Short text fragments from websites:
^^^^^^^^^^^^^^^^

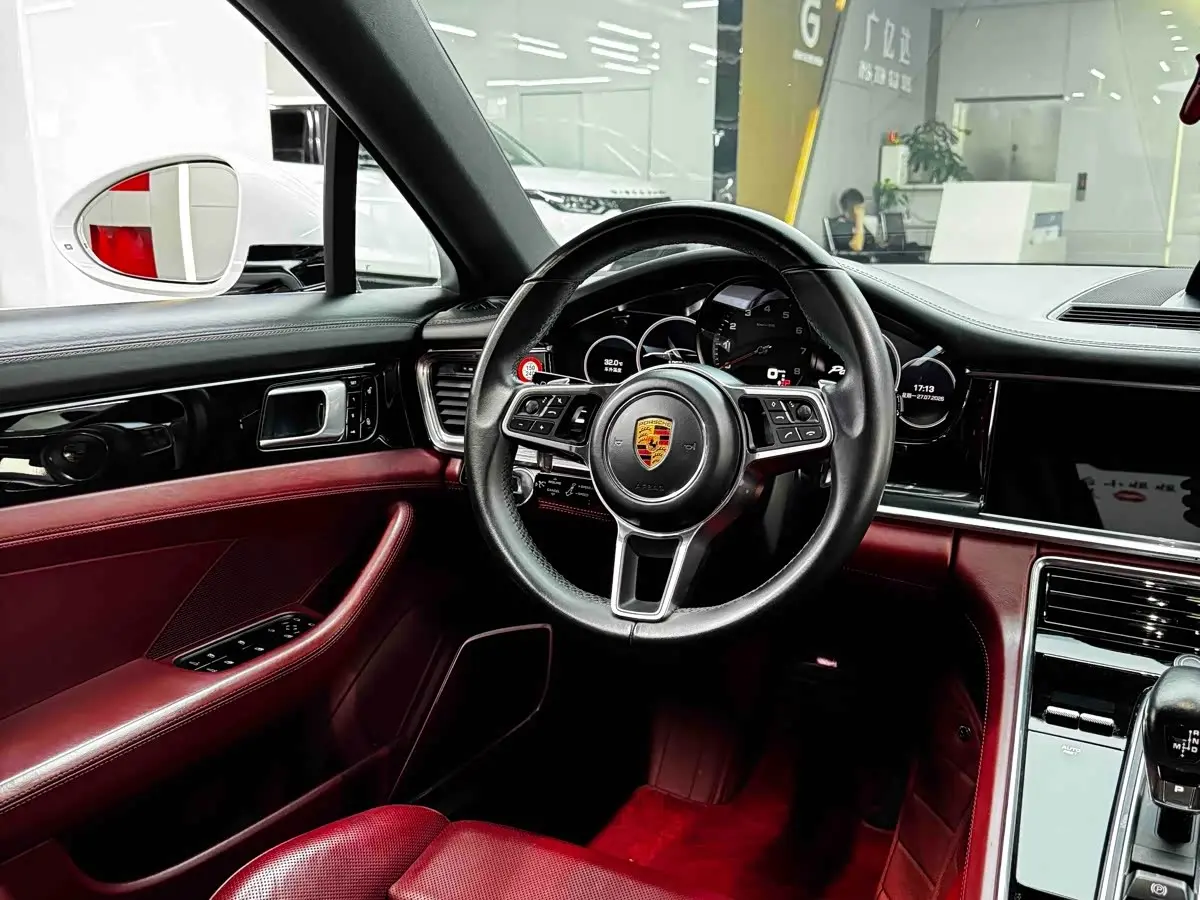 Porsche Panamera 2018 — Photo 13/20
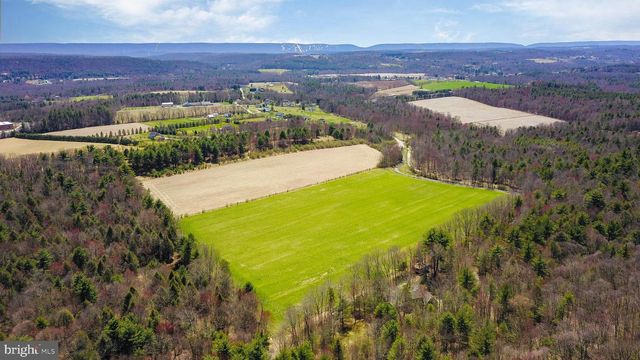 376 HTY RD, Kunkletown, PA 18058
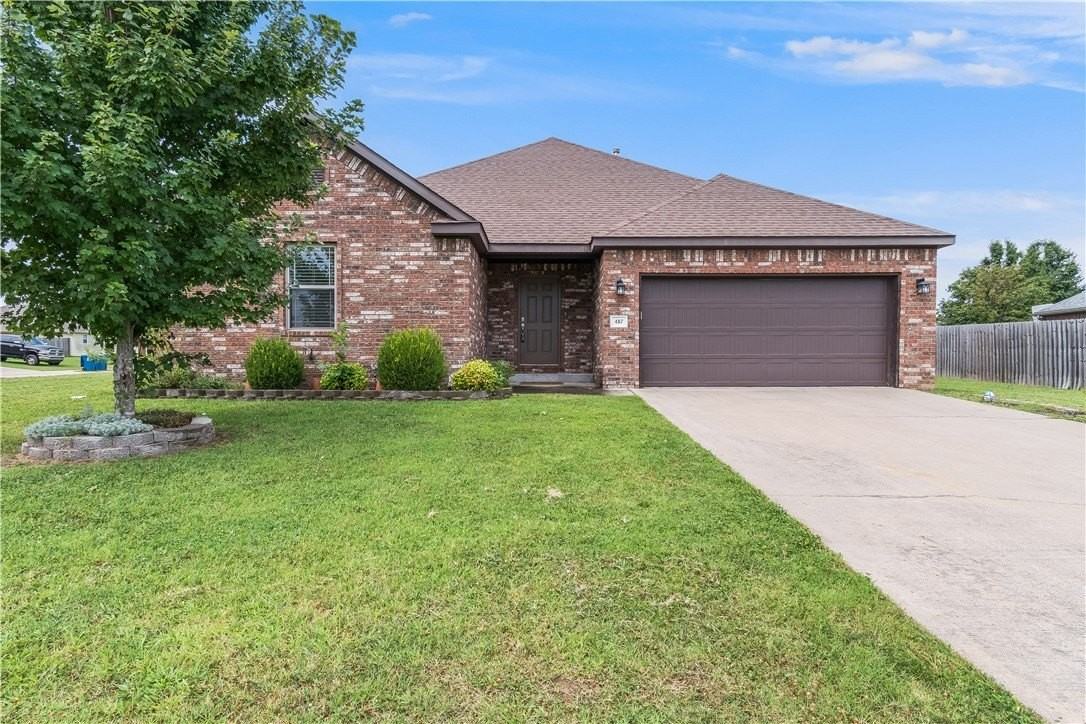 457 Harper Dr - Photo 2 of 22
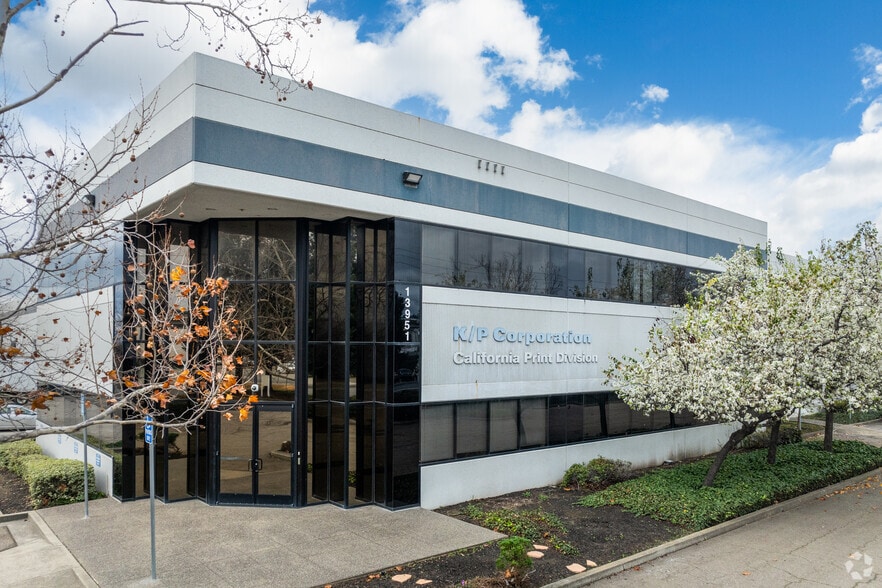 13951 Washington Ave, San Leandro, CA for lease - Building Photo - Image 2 of 7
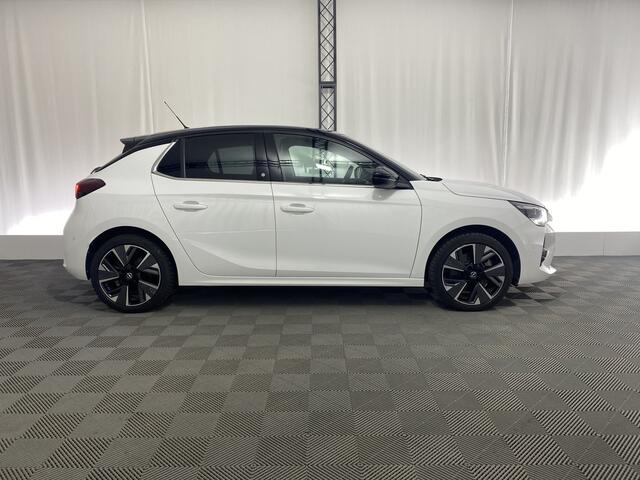 Opel e-Corsa Ultimate 3 fase 50 kWh | CarPlay | Pano dak | Stoel Massage | Sport Stoelen | Navi | DAB |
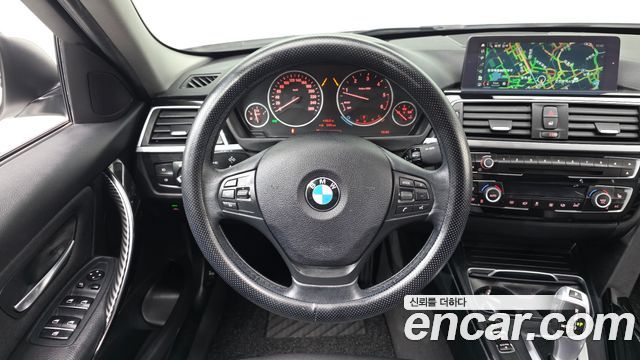 BMW 3-Series 2018 — photo 13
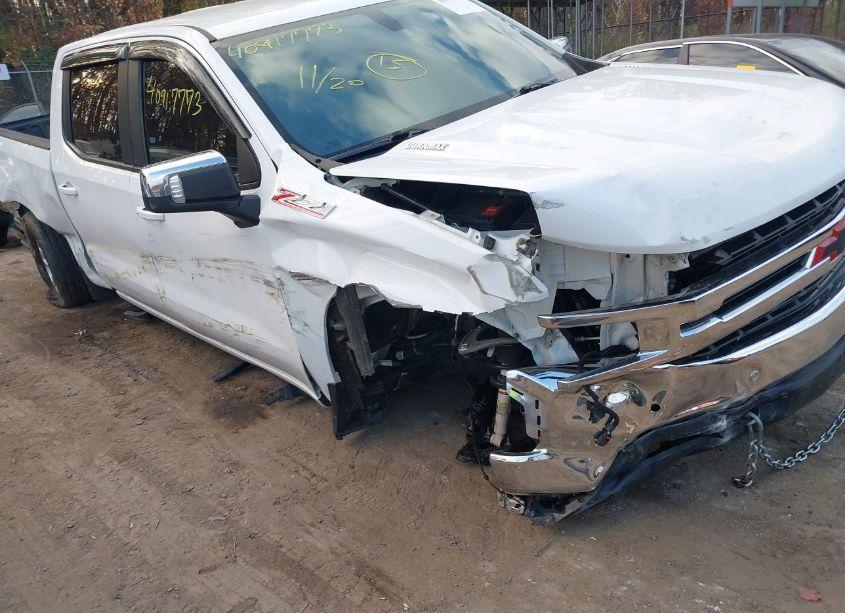 Photo 6 of 2020 Chevrolet Silverado 1500 4WD SHORT BED LT (VIN 3GCUYDET8LG246198)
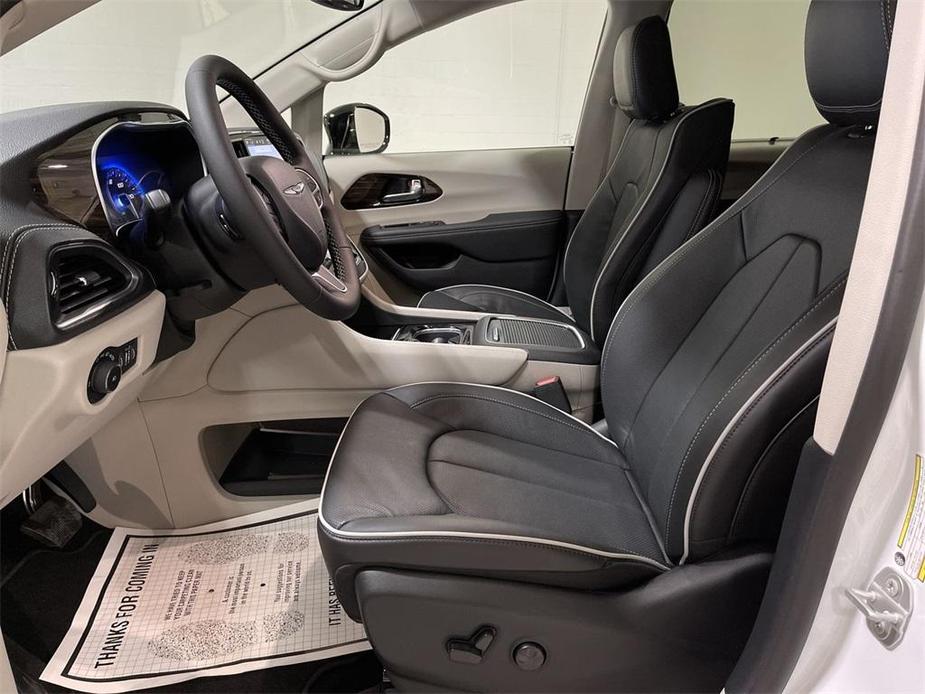 new 2024 Chrysler Pacifica car, priced at $54,737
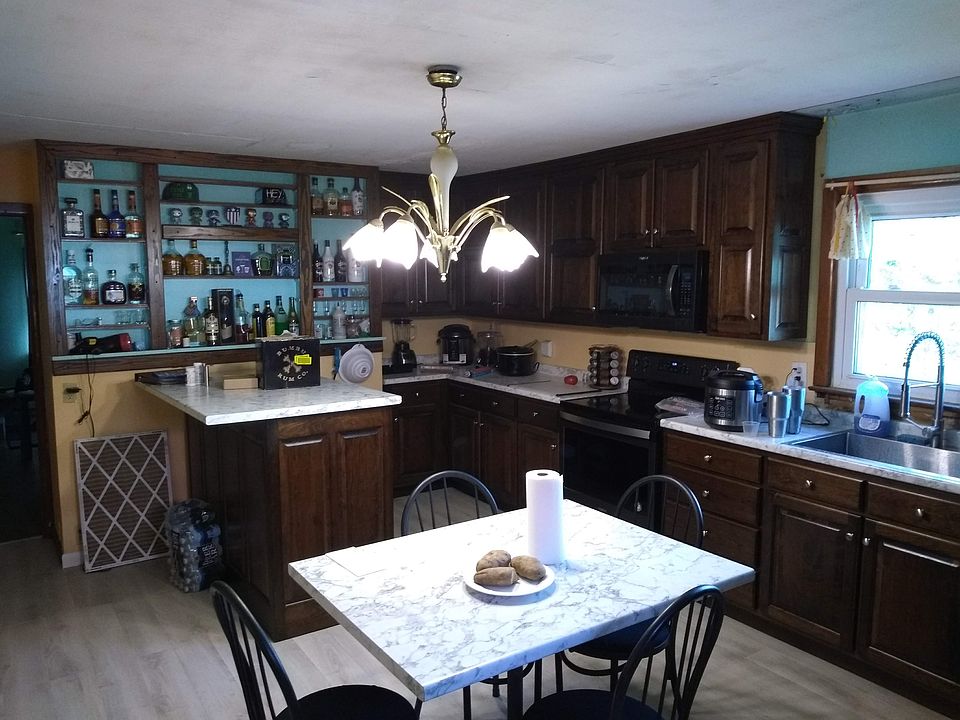 Kitchen/Bar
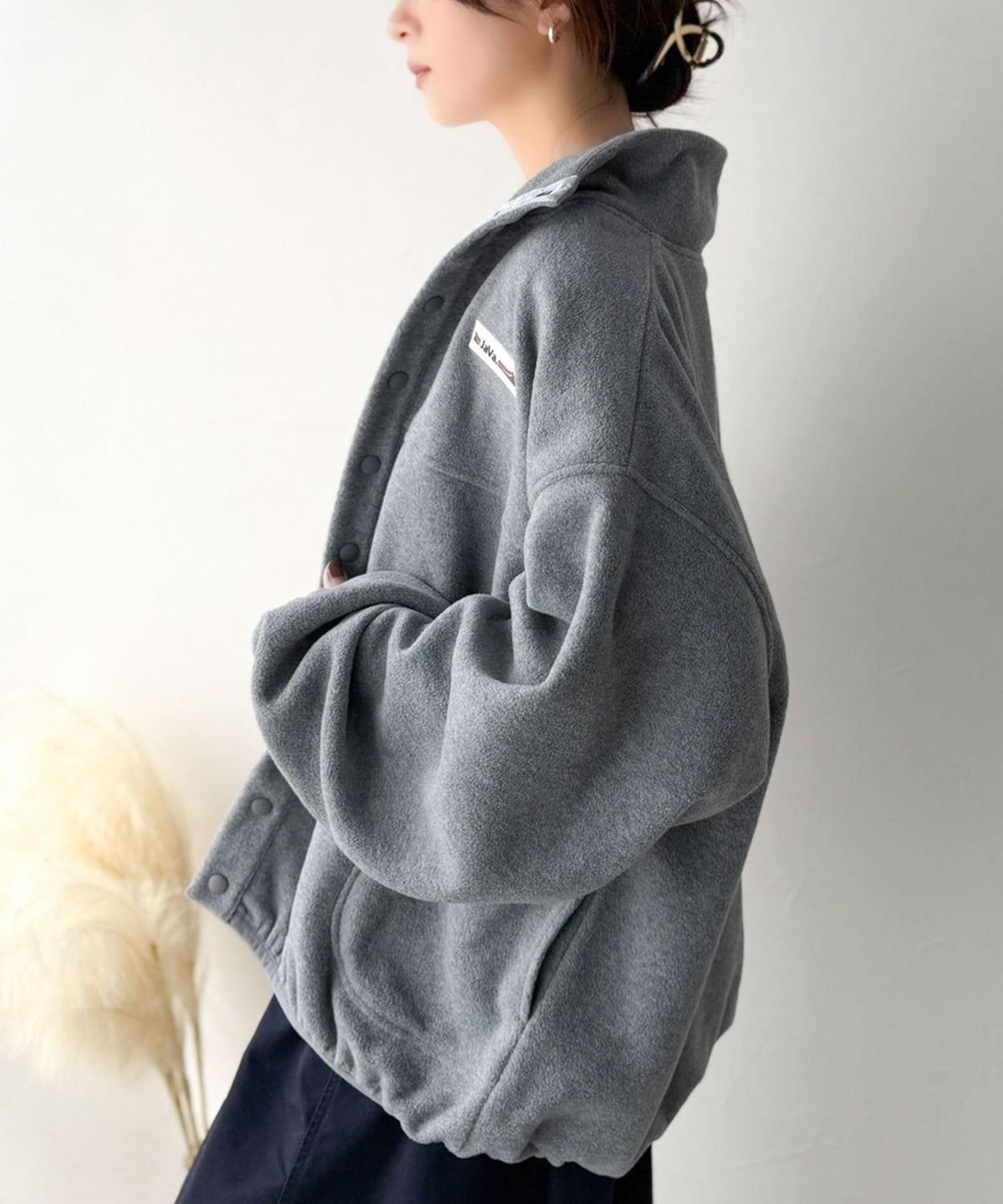 《JaVaジャバコラボ》ゆったりボリュームシルエットで華奢見え◎ポップな色合いが目を惹く♪配色フリースブルゾン jv1050393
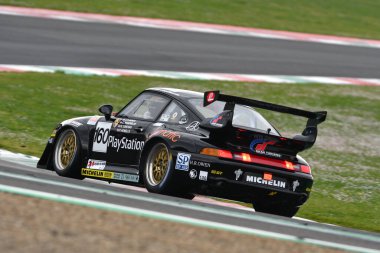 Scarperia, 2 Nisan 2023: Porsche 993 GT2 Evo Yılı 1999 Mugello Classic 2023 tarihinde İtalya 'daki Mugello Pisti' nde eylem halindeydi..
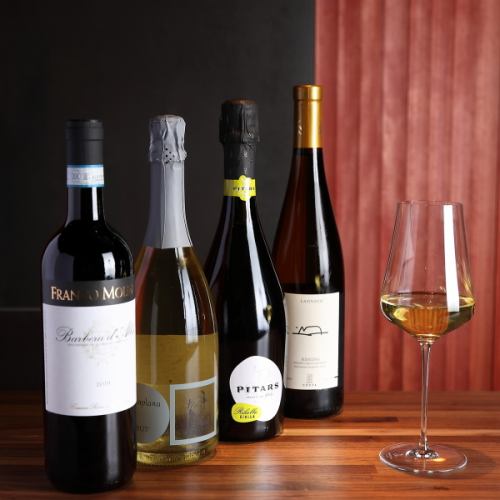 【葡萄酒專賣店】以義大利葡萄酒為主，提供只有在這裡才能品嚐到的各種葡萄酒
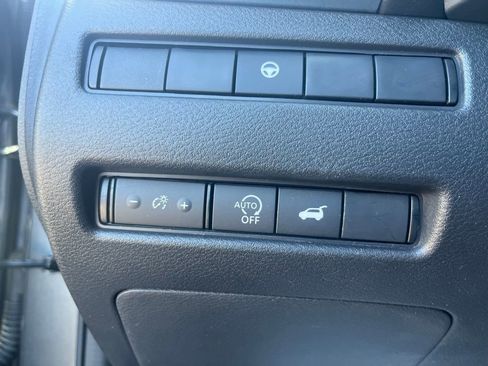 Used 2025 Nissan Rogue SV AWD/4WD image 11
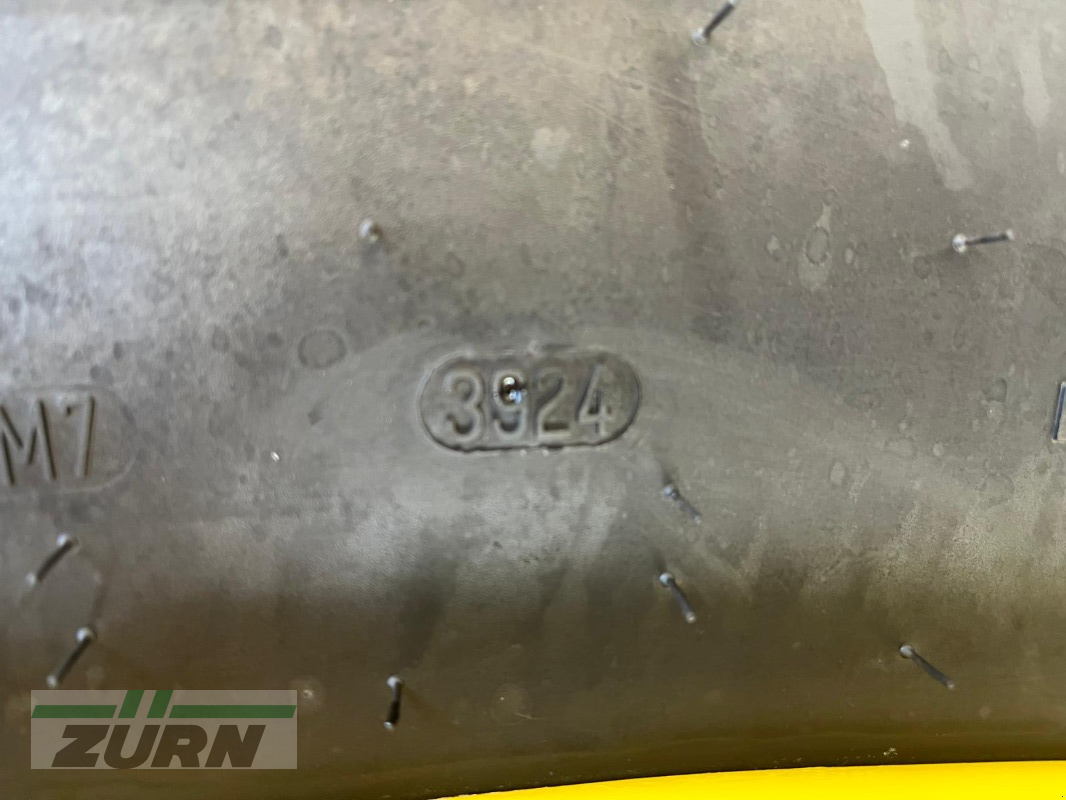 Rad des Typs Continental 650/65 R42 Continental, Neumaschine in Holzgünz - Schwaighausen (Bild 8)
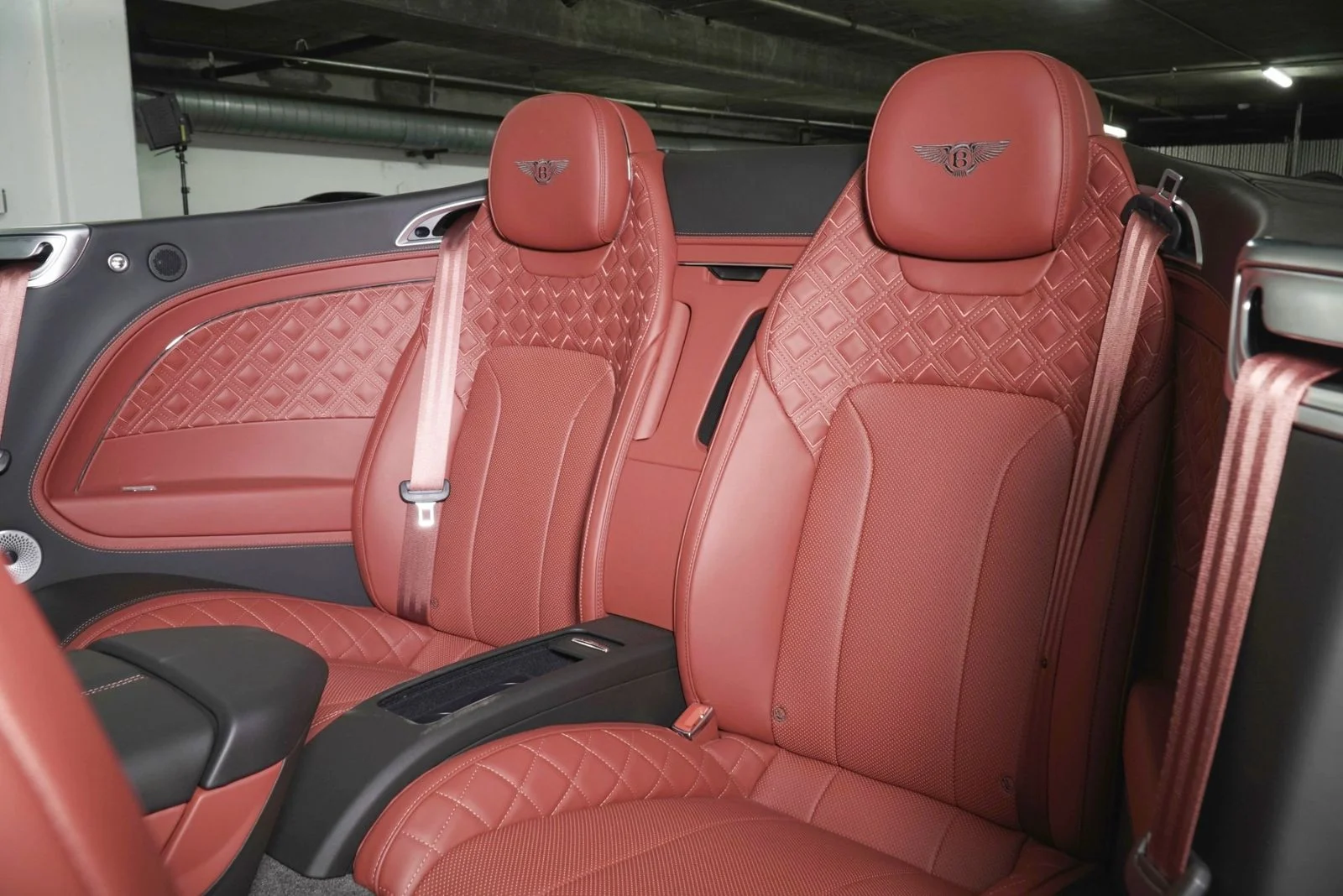Used 2022 White Bentley  image 24
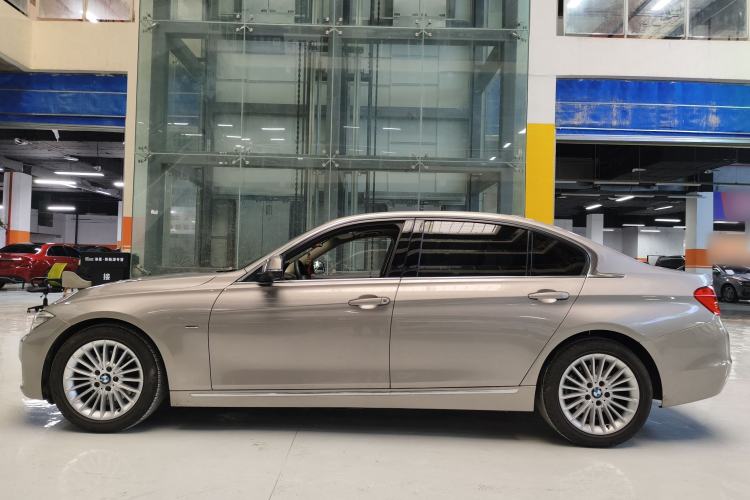 Used BMW 3 Series 2015 320Li Luxury Design Package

^^^^^^^^^^^^^^^^

In the answer, repeat exactly the lines from the top of the entries above through the line with "13951 Washington Ave, San", and leave pictures out of it.

 Porsche Panamera 2018 — Photo 13/20
 376 HTY RD, Kunkletown, PA 18058
 457 Harper Dr - Photo 2 of 22
 13951 Washington Ave, San Leandro, CA for lease - Building Photo - Image 2 of 7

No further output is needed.